The streets glistened in the warmth of a night thaw that would bring fog by morning. In the reflected light, she could see the fixed way he watched her. He knew about that, she realized, letting loose of the grandest hopes. Loss freighted his expre
ssion.
"Yeah," he said. He took quite some time before he spoke again. "If I said, Let me buy you dinner, that wouldn't be right, would it?"
Would it? She sighed on reflex, weighing it. But it was still too chancy. He was dashed, of course.
"Well, okay," he answered, but was too raw to look her way for long. His hurt, like almost everything else, was so open.
What the hell, she thought. What the hey. "We took a bronze," she said.
"No way. Really?"
She indulged them both by absorbing his momentary worship. A medal. An Olympic medal! You could see his heart fly at the thought. She did not surrender often to pride, fearing she could remain stuck there for life, but tonight, under his influence, she felt it fill her out. She had done that. Set her mind, scaled the heights, and returned with the vaunted trophy. Ironically, he recognized the cost, too.
"That's a lot to climb down from."
"It is," she answered. "You realize you're a lot later than other people in getting started on a life."

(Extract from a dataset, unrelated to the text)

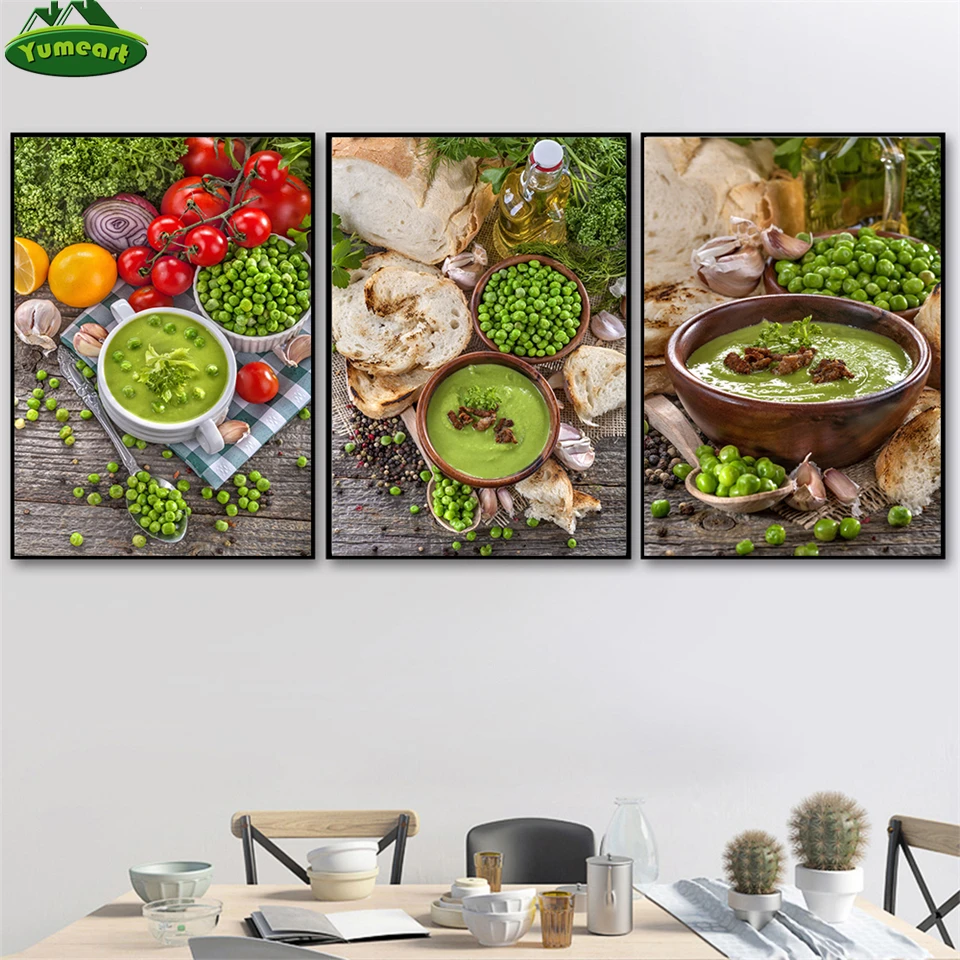 

Свежие зеленые бобы, овощной суп для здоровой еды, картины для кухни, домашнего декора, плакаты, печать на холсте, картина для гостиной
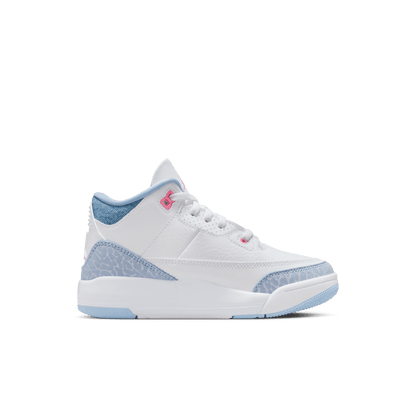 Little Kids' Jordan 3 Retro Shoes (PS) "White Cobalt Bliss"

They talked another moment. Before she left the car, he held out his hand to shake. Congratulations, probably. Alighting, she had another thought.
Peace.
CHAPTER 13
"People talk," Robbie told us, "About Brendan, because Kosic and Milacki are always stuck to him like gum on your shoe. You know, it's like, What gives? Especially with Rollo, cause Rollo's lived for more than thirty years in the basement apartment in that big stone house of Brendan's out in Latterly on the West Bank. And Rollo's sort of been Brendan's loyal liege his whole life. The story is that they're both from the same parish, but Brendan's a few years older, so they didn't really get hooked up until they ended up in the same platoon in Korea. Anyway, they're in some hellacious firefight charging up Pork Chop Hill or wherever, the Commies are kicking their living ass, and Brendan looks around and some Chink jumps out of a bush and just about empties his rifle in Rollo. When they tell the story, and I've heard it only about seven or eight hundred times, it's like in the movies where the guy sort of stands there raffling from the bullets, dead already and only the recoil keeping him on his feet. Rollo's ripped to shreds, but good brave Brendan, under no circumstances will he say quit, he throws Rollo over his back and carries him up the hill for half an hour until he gets him to a corpsman. And this, by the way, is not just a story. Brendan's got the Silver Star at home to prove it." Robbie paused to direct a look across the conference room table at Sennett, a warning that Brendan Tuohey would risk his life to defy his enemies.